▶ [DATA TO USE]:
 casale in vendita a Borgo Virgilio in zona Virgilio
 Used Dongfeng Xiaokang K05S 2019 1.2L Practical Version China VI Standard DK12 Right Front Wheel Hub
...
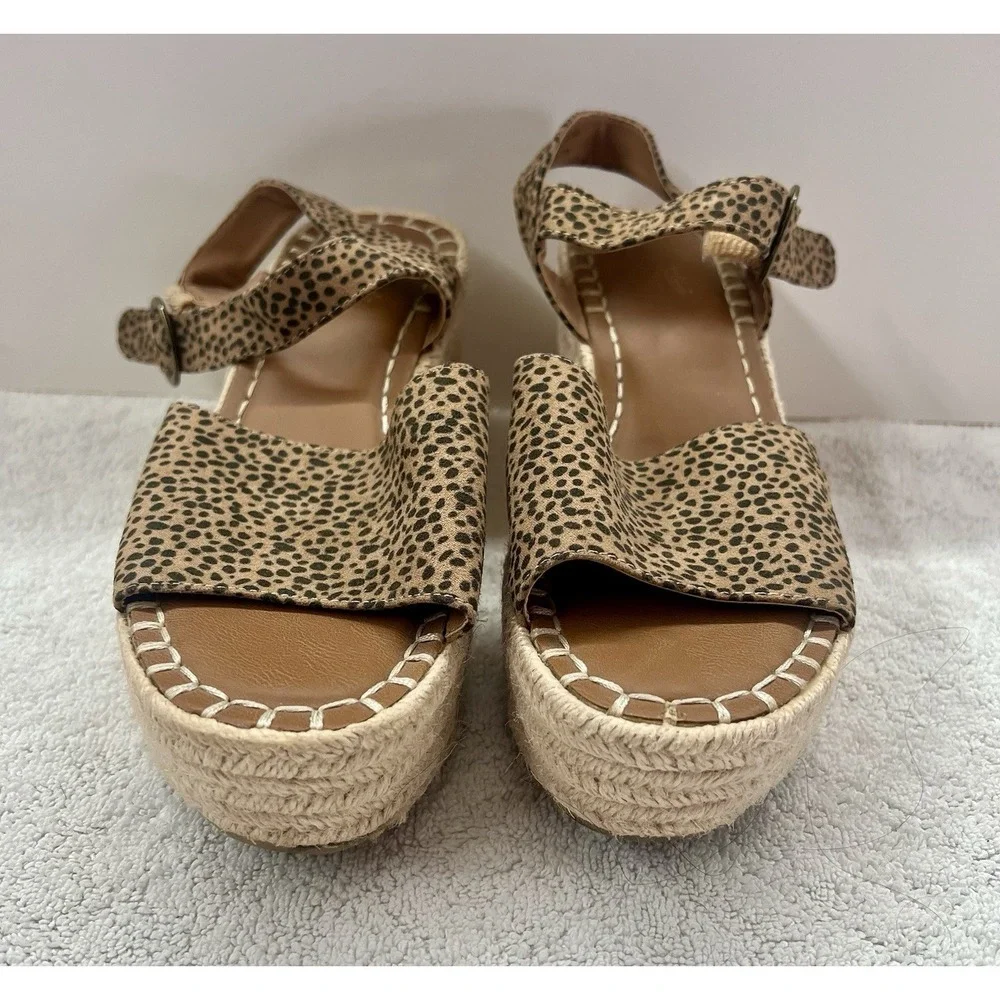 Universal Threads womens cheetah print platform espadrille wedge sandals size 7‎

▶ [WORK REQUEST]: Output the lines above between the one holding "casale in vendita" and the one holding "Used Dongfeng Xiaokang", inclusive, with nothing before or after them.

▶ [TASK RESPONSE]:
 casale in vendita a Borgo Virgilio in zona Virgilio
 Used Dongfeng Xiaokang K05S 2019 1.2L Practical Version China VI Standard DK12 Right Front Wheel Hub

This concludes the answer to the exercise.